# Task goal
Your task is to copy the stretch of lines in the records below that begins with the line containing "Aa Aiduguru Movie Photos" and ends with the line containing "HS1693 Rumah Elite", exactly as written, with nothing added.

Caption-style text data:
------------------------------------
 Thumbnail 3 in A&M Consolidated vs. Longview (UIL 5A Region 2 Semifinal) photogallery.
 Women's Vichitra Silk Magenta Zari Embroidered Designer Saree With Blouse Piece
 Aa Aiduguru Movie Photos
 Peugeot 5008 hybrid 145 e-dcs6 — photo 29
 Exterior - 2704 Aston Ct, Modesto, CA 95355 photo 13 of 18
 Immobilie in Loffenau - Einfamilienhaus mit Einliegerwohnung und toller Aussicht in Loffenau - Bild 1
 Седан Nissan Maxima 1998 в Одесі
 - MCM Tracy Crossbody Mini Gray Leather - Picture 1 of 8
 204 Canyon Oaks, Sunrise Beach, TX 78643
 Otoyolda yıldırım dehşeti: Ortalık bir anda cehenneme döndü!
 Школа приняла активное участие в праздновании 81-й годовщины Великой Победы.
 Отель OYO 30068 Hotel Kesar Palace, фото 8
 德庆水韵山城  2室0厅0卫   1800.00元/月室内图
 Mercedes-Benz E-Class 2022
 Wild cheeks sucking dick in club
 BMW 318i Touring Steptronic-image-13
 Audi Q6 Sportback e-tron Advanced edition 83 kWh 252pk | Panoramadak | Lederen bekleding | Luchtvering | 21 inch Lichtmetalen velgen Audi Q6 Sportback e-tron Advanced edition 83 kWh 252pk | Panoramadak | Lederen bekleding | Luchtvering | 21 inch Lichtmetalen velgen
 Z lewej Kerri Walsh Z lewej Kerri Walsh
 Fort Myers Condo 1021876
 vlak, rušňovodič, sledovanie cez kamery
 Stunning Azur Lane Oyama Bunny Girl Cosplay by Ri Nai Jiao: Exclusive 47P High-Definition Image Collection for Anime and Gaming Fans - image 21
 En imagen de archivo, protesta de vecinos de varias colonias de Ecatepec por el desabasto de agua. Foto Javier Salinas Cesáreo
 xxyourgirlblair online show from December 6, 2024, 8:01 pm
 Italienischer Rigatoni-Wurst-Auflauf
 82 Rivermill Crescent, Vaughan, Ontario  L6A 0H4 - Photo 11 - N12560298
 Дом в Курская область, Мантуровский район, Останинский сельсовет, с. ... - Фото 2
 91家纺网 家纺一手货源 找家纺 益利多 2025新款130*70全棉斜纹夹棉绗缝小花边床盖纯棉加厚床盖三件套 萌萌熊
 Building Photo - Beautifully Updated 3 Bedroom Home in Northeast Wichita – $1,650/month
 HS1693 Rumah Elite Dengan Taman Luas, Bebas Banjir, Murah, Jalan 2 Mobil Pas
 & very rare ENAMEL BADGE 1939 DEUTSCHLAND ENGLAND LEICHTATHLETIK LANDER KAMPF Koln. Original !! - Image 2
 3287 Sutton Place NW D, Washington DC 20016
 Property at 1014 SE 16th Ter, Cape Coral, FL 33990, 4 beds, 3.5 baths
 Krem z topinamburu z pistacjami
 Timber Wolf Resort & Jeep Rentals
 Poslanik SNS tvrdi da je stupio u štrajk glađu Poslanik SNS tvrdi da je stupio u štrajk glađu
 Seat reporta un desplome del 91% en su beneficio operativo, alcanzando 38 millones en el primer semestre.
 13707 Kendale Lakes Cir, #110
------------------------------------
# Result of the exercise
 Aa Aiduguru Movie Photos
 Peugeot 5008 hybrid 145 e-dcs6 — photo 29
 Exterior - 2704 Aston Ct, Modesto, CA 95355 photo 13 of 18
 Immobilie in Loffenau - Einfamilienhaus mit Einliegerwohnung und toller Aussicht in Loffenau - Bild 1
 Седан Nissan Maxima 1998 в Одесі
 - MCM Tracy Crossbody Mini Gray Leather - Picture 1 of 8
 204 Canyon Oaks, Sunrise Beach, TX 78643
 Otoyolda yıldırım dehşeti: Ortalık bir anda cehenneme döndü!
 Школа приняла активное участие в праздновании 81-й годовщины Великой Победы.
 Отель OYO 30068 Hotel Kesar Palace, фото 8
 德庆水韵山城  2室0厅0卫   1800.00元/月室内图
 Mercedes-Benz E-Class 2022
 Wild cheeks sucking dick in club
 BMW 318i Touring Steptronic-image-13
 Audi Q6 Sportback e-tron Advanced edition 83 kWh 252pk | Panoramadak | Lederen bekleding | Luchtvering | 21 inch Lichtmetalen velgen Audi Q6 Sportback e-tron Advanced edition 83 kWh 252pk | Panoramadak | Lederen bekleding | Luchtvering | 21 inch Lichtmetalen velgen
 Z lewej Kerri Walsh Z lewej Kerri Walsh
 Fort Myers Condo 1021876
 vlak, rušňovodič, sledovanie cez kamery
 Stunning Azur Lane Oyama Bunny Girl Cosplay by Ri Nai Jiao: Exclusive 47P High-Definition Image Collection for Anime and Gaming Fans - image 21
 En imagen de archivo, protesta de vecinos de varias colonias de Ecatepec por el desabasto de agua. Foto Javier Salinas Cesáreo
 xxyourgirlblair online show from December 6, 2024, 8:01 pm
 Italienischer Rigatoni-Wurst-Auflauf
 82 Rivermill Crescent, Vaughan, Ontario  L6A 0H4 - Photo 11 - N12560298
 Дом в Курская область, Мантуровский район, Останинский сельсовет, с. ... - Фото 2
 91家纺网 家纺一手货源 找家纺 益利多 2025新款130*70全棉斜纹夹棉绗缝小花边床盖纯棉加厚床盖三件套 萌萌熊
 Building Photo - Beautifully Updated 3 Bedroom Home in Northeast Wichita – $1,650/month
 HS1693 Rumah Elite Dengan Taman Luas, Bebas Banjir, Murah, Jalan 2 Mobil Pas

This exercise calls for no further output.